**Task to complete:** Your reply should be the complete data, reproduced exactly.

START Listed entries

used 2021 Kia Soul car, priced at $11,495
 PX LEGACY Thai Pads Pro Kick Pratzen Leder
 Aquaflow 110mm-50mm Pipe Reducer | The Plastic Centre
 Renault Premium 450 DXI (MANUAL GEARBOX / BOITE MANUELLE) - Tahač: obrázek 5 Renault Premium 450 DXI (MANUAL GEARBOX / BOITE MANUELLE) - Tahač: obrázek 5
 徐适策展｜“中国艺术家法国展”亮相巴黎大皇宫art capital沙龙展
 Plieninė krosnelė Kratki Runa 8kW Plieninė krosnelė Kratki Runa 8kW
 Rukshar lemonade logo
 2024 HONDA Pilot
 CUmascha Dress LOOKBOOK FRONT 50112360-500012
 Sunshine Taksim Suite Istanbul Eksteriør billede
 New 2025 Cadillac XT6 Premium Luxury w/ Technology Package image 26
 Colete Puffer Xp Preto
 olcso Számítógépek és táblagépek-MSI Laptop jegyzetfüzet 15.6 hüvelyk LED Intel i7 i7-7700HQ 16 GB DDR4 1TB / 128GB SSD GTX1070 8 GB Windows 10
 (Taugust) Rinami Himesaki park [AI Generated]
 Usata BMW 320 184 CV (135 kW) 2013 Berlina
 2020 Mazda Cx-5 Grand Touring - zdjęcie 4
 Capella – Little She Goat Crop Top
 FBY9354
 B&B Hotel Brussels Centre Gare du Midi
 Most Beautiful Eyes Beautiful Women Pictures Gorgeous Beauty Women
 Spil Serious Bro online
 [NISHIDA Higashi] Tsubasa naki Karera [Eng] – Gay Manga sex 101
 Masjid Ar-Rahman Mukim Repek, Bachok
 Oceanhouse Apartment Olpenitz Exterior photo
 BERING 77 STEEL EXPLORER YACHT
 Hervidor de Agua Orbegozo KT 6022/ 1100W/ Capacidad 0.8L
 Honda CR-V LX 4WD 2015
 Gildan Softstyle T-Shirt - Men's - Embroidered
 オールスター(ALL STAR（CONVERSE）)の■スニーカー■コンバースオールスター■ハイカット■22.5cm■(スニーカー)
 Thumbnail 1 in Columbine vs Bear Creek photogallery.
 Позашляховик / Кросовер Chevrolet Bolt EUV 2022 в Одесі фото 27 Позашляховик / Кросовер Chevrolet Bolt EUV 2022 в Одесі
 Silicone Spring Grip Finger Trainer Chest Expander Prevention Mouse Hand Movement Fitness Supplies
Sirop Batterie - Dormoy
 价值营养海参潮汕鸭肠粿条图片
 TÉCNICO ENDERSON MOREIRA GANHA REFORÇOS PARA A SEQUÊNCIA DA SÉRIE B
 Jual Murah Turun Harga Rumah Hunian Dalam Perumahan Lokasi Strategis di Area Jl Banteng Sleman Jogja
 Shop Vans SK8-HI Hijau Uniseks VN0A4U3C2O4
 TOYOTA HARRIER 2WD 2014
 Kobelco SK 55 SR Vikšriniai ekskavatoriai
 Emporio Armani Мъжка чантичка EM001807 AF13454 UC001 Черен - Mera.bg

END Listed entries

**Response area:**
used 2021 Kia Soul car, priced at $11,495
 PX LEGACY Thai Pads Pro Kick Pratzen Leder
 Aquaflow 110mm-50mm Pipe Reducer | The Plastic Centre
 Renault Premium 450 DXI (MANUAL GEARBOX / BOITE MANUELLE) - Tahač: obrázek 5 Renault Premium 450 DXI (MANUAL GEARBOX / BOITE MANUELLE) - Tahač: obrázek 5
 徐适策展｜“中国艺术家法国展”亮相巴黎大皇宫art capital沙龙展
 Plieninė krosnelė Kratki Runa 8kW Plieninė krosnelė Kratki Runa 8kW
 Rukshar lemonade logo
 2024 HONDA Pilot
 CUmascha Dress LOOKBOOK FRONT 50112360-500012
 Sunshine Taksim Suite Istanbul Eksteriør billede
 New 2025 Cadillac XT6 Premium Luxury w/ Technology Package image 26
 Colete Puffer Xp Preto
 olcso Számítógépek és táblagépek-MSI Laptop jegyzetfüzet 15.6 hüvelyk LED Intel i7 i7-7700HQ 16 GB DDR4 1TB / 128GB SSD GTX1070 8 GB Windows 10
 (Taugust) Rinami Himesaki park [AI Generated]
 Usata BMW 320 184 CV (135 kW) 2013 Berlina
 2020 Mazda Cx-5 Grand Touring - zdjęcie 4
 Capella – Little She Goat Crop Top
 FBY9354
 B&B Hotel Brussels Centre Gare du Midi
 Most Beautiful Eyes Beautiful Women Pictures Gorgeous Beauty Women
 Spil Serious Bro online
 [NISHIDA Higashi] Tsubasa naki Karera [Eng] – Gay Manga sex 101
 Masjid Ar-Rahman Mukim Repek, Bachok
 Oceanhouse Apartment Olpenitz Exterior photo
 BERING 77 STEEL EXPLORER YACHT
 Hervidor de Agua Orbegozo KT 6022/ 1100W/ Capacidad 0.8L
 Honda CR-V LX 4WD 2015
 Gildan Softstyle T-Shirt - Men's - Embroidered
 オールスター(ALL STAR（CONVERSE）)の■スニーカー■コンバースオールスター■ハイカット■22.5cm■(スニーカー)
 Thumbnail 1 in Columbine vs Bear Creek photogallery.
 Позашляховик / Кросовер Chevrolet Bolt EUV 2022 в Одесі фото 27 Позашляховик / Кросовер Chevrolet Bolt EUV 2022 в Одесі
 Silicone Spring Grip Finger Trainer Chest Expander Prevention Mouse Hand Movement Fitness Supplies
Sirop Batterie - Dormoy
 价值营养海参潮汕鸭肠粿条图片
 TÉCNICO ENDERSON MOREIRA GANHA REFORÇOS PARA A SEQUÊNCIA DA SÉRIE B
 Jual Murah Turun Harga Rumah Hunian Dalam Perumahan Lokasi Strategis di Area Jl Banteng Sleman Jogja
 Shop Vans SK8-HI Hijau Uniseks VN0A4U3C2O4
 TOYOTA HARRIER 2WD 2014
 Kobelco SK 55 SR Vikšriniai ekskavatoriai
 Emporio Armani Мъжка чантичка EM001807 AF13454 UC001 Черен - Mera.bg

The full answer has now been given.